Your output should be each line from the material below that has the word "Pearl".

STUDY MATERIAL ::
+ + + + + + +
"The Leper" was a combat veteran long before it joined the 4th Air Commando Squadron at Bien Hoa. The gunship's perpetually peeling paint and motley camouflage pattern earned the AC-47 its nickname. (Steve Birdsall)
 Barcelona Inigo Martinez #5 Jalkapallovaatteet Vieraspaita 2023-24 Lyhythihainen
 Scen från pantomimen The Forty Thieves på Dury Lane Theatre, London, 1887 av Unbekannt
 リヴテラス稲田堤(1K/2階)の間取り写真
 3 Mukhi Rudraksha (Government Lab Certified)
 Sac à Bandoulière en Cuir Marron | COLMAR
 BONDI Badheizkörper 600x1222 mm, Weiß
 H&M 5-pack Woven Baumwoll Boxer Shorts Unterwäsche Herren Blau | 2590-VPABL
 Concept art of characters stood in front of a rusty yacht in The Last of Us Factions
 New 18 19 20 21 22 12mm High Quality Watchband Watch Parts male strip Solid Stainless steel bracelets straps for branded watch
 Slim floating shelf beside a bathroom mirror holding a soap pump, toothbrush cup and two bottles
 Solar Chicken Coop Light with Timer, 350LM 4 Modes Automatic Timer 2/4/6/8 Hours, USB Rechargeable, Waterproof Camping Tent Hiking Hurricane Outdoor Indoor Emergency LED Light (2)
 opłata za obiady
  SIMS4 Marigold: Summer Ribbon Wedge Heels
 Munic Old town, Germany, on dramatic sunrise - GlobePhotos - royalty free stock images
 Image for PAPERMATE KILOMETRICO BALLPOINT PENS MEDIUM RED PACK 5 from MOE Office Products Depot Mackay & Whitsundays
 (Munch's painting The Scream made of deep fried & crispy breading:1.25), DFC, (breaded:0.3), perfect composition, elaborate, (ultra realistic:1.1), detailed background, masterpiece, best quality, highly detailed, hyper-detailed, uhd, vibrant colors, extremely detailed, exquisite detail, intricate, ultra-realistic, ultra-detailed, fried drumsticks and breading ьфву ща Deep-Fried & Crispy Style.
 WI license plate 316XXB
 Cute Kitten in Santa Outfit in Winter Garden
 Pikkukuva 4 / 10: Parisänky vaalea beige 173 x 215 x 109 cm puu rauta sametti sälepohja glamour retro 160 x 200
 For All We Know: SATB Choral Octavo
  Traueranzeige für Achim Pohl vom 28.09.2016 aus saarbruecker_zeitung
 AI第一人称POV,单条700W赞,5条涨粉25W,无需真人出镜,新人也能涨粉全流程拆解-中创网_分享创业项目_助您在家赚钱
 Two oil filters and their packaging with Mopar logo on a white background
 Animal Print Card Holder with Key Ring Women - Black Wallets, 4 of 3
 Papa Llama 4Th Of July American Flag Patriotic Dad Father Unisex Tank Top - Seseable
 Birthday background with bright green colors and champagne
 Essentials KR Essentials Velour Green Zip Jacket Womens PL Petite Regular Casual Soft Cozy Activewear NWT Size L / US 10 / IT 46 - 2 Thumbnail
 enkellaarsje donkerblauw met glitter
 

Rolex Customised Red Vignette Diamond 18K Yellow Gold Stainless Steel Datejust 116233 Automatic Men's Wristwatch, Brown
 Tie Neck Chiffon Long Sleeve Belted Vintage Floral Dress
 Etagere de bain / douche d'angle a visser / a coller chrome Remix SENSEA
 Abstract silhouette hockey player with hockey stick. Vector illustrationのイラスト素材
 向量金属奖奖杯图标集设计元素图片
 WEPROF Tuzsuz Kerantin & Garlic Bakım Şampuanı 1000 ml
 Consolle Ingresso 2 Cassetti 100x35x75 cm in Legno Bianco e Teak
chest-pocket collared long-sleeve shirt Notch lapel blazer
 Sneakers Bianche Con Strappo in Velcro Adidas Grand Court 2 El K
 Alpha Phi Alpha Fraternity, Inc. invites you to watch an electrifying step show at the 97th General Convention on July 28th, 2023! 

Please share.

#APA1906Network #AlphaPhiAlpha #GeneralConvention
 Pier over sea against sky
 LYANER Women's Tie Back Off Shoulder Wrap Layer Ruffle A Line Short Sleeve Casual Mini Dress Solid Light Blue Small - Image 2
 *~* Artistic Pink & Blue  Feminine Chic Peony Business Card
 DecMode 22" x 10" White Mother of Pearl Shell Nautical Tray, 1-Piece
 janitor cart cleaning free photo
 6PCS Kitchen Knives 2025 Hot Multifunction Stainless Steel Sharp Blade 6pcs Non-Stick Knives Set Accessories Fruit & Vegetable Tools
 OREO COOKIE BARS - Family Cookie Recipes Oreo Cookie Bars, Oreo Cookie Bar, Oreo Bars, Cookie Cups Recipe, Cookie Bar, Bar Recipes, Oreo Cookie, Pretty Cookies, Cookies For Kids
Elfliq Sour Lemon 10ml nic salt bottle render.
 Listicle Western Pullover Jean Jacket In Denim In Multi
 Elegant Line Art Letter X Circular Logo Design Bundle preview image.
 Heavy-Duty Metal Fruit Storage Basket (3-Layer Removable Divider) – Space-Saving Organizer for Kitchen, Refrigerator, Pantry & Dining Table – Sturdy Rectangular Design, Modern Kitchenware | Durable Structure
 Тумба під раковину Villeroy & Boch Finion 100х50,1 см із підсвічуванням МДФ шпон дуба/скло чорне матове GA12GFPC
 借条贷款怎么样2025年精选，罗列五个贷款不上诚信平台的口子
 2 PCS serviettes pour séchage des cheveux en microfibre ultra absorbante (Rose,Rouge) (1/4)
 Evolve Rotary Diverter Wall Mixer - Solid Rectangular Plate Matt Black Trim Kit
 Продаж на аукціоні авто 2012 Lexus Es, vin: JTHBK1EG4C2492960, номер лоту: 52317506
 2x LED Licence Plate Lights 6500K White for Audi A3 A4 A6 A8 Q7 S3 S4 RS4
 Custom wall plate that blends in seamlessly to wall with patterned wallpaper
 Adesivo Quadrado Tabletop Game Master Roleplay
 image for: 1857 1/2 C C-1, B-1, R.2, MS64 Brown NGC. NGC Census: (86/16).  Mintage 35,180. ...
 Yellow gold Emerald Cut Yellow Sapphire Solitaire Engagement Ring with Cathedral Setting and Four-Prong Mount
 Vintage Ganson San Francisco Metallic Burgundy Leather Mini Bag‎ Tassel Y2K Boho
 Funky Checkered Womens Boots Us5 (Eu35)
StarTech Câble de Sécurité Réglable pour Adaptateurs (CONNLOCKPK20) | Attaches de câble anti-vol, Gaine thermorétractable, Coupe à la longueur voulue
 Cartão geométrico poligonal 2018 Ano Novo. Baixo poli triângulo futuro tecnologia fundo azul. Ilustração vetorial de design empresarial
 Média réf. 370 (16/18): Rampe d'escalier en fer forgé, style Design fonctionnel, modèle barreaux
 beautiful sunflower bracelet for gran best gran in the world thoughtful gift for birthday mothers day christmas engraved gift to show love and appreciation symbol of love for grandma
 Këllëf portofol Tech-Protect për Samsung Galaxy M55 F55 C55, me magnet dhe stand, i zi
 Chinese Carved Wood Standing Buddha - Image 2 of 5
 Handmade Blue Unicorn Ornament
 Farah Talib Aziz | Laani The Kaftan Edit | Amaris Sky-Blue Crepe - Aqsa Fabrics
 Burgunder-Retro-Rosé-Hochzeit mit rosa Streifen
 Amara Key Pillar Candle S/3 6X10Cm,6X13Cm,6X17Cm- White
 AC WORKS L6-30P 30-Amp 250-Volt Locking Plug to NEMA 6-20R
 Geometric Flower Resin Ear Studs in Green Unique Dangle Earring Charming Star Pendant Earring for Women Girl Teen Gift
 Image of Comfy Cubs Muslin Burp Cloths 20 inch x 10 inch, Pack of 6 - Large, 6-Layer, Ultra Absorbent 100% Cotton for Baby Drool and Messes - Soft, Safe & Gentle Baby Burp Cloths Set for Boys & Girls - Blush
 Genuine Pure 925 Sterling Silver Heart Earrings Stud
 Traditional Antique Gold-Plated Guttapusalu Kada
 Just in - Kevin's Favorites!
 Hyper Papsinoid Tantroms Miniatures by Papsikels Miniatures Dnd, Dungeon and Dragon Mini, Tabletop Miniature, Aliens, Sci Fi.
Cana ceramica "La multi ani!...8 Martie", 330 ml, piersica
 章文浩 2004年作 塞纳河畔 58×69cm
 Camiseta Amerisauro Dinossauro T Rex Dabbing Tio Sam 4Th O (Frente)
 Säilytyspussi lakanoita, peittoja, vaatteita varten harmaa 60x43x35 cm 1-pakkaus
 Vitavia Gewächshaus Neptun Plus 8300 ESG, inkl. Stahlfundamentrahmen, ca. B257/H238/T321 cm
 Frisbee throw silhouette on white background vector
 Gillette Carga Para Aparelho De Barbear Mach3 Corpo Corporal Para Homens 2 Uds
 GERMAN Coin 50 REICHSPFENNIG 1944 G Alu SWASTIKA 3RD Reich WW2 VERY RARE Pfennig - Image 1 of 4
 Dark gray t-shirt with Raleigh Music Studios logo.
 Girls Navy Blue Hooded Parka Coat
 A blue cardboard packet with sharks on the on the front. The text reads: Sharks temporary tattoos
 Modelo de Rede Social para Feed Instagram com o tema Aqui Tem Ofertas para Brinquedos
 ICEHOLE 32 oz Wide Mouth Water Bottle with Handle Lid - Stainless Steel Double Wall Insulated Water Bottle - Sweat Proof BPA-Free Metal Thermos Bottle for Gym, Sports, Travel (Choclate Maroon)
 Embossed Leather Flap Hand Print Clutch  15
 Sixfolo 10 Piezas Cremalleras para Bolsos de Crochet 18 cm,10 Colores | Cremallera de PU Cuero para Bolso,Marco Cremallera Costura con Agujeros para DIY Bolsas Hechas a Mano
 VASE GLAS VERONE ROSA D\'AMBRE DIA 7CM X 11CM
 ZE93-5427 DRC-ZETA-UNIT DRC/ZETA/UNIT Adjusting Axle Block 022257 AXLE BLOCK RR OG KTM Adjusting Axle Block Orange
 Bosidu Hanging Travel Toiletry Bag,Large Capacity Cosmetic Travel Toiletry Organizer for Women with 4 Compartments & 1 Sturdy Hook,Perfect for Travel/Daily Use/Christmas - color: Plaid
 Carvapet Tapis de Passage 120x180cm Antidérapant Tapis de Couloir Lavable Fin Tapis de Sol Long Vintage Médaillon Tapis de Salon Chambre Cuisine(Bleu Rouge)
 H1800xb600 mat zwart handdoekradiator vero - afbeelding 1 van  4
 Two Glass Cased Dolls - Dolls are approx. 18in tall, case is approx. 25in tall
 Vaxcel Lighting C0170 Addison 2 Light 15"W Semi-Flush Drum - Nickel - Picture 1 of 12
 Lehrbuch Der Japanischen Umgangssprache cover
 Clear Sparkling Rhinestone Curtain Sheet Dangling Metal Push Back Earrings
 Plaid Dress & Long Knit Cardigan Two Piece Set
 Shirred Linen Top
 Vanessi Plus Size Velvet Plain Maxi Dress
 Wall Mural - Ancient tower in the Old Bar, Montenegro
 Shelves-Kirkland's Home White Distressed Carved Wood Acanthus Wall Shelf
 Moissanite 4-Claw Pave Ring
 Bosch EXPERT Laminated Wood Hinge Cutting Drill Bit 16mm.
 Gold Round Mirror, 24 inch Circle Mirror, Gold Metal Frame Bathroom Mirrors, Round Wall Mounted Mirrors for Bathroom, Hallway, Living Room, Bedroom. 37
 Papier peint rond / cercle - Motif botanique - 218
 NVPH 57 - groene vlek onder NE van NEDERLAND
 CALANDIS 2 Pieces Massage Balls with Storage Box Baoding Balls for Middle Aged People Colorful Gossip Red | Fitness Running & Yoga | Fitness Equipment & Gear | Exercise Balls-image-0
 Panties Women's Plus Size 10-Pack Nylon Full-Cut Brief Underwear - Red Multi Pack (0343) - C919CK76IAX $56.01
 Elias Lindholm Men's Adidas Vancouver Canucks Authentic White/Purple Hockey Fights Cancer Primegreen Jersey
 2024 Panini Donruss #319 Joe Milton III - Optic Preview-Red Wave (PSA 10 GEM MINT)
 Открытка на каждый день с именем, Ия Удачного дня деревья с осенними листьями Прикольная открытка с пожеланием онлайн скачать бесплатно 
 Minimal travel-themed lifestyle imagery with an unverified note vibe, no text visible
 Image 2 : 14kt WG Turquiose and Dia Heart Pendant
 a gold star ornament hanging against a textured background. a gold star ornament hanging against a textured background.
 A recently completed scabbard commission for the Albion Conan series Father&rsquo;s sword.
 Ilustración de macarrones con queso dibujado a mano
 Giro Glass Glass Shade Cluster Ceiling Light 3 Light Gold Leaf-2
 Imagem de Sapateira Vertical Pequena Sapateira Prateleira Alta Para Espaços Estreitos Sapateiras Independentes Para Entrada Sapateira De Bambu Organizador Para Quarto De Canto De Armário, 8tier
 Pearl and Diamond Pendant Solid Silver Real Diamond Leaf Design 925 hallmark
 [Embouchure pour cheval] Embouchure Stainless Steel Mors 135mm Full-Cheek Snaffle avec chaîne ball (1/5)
+ + + + + + +
OUTPUT BELOW ::
 DecMode 22" x 10" White Mother of Pearl Shell Nautical Tray, 1-Piece
 Pearl and Diamond Pendant Solid Silver Real Diamond Leaf Design 925 hallmark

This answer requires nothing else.